Updated at 9:37 a.m. July 28, 2023
When Massachusetts residents voted to legalize recreational marijuana in 2016, communities braced for what new cannabis stores would mean for their neighborhoods.
“It was like an opium den is coming to the neighborhood,” Shannon O’Brien, the chair of the Cannabis Control Commission, saidon Boston Public Radio on Wednesday.
O'Brien said commissioners at the time tended to overregulate the new cannabis business landscape, knowing they could pull back regulations later on. Now, cannabis use and dispensaries are more normalized. She said it’s time to reevaluate some of the most restrictive regulations that “may or may not protect health and safety.”
For example, all marijuana businesses in Massachusetts are required to have on-site video surveillance and store the footage for 90 days so that it’s accessible for law enforcement and regulators.
“Maybe we only keep it for 60 days, so maybe you could save $3,000 a month in your cloud storage fees,” said O’Brien. “So that's what I'm trying to do, is make sure that those businesses can thrive and profit, even though the price of cannabis has gone down by half.”
The commission is also focused on promoting active involvement and benefits for people who've been disproportionately harmed by the war on drugs. The reality of getting those people involved is another story.
O’Brien said close to a thousand people have gone through the Cannabis Control Commission’s social equity or economic empowerment programs. Certain application fees get waived, they are put at the front of the line, and they have access to training. The disconnect between this preparation stage and licensing their business is money, said O’Brien, which is particularly difficult during the startup phase.
Even if a cannabis entrepreneur has demonstrated they have a revenue stream, most banks will not work with them because marijuana is illegal at the federal level. To close this gap, the Social Equity Fund was established in 2022, which is supposed to set aside 15% of cannabis fees and taxes in fund for those entrepreneurs from communities disproportionately harmed by marijuana prohibition and enforcement. This could be some $15 million to $20 million per year, said O’Brien.
“But the problem is that's assessed at the end of the year,” she said. “It’s a timing issue.”
O’Brien said she’s been working with Keisha Brice, the chair of the Cannabis Social Equity Advisory Board, which administers the fund, to work on how funding could be more continuous and accessible year-round for social equity candidates.
While the infrastructure for the fund is worked out, O’Brien said she’s looking for ways to collaborate with outside groups to support entrepreneurs of color. Four hundred “social equity” entrepreneurs have been provisionally licensed, O’Brien said.
“I think we should be focusing on those 400 applicants, that have demonstrated the ability, and then figure out how we get them over the line to get them to commence operations,” she said.
Another plan currently on hold is establishing social consumption sites for cannabis. The Cannabis Control Commission wrote a pilot program for these sites in 2019. When asked how long until the public can expect to see these sites in their communities, O’Brien said, “I can’t answer that question.”
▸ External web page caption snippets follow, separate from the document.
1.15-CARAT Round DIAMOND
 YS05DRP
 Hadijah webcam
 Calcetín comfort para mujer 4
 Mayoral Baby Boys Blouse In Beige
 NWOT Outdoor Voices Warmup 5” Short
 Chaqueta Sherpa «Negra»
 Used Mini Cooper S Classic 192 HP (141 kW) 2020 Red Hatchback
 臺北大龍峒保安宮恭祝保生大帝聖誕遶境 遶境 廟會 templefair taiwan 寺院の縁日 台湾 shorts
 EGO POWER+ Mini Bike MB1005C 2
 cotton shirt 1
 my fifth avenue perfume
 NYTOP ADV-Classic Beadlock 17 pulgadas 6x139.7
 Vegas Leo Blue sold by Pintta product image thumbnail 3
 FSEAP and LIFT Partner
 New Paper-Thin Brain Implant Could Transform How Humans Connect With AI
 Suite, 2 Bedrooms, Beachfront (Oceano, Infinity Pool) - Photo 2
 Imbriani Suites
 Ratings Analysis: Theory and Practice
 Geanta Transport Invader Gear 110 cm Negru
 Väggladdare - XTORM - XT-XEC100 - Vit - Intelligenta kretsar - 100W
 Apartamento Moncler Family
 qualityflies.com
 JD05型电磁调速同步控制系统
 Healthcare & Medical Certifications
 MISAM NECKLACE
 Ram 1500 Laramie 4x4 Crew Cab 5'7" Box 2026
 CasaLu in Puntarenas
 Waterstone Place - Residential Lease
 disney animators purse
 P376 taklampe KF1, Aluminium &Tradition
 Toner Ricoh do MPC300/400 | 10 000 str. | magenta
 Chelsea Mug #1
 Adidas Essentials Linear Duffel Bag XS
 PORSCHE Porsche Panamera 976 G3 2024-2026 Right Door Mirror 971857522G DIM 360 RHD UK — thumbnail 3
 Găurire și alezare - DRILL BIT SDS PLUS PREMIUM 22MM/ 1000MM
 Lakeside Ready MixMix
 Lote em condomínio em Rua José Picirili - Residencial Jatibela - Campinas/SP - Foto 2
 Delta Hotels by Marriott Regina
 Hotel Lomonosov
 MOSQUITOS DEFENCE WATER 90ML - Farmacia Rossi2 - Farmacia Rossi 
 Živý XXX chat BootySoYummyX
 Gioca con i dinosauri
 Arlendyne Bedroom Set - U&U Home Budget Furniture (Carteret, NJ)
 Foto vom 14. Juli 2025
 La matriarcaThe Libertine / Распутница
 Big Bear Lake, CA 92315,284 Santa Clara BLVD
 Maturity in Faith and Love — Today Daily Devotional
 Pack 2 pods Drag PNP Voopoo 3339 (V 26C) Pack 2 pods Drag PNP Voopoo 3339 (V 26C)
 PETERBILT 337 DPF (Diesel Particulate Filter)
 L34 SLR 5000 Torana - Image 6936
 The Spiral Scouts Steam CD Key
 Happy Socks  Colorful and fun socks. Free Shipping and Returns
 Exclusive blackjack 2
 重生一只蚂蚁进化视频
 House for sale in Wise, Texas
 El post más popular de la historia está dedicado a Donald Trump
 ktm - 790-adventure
“You should bring commissioners Camargo and Stebbins to come in and talk about it,” she said. Those commissioners just finished a series of listening sessions with stakeholders about the potential impact of these consumption sites. For other working groups related to agreements with communities and social equity, O'Brien said she has requested a Nov. 9 deadline to determine next steps.
Correction: This story was updated to note that the listening sessions have completed.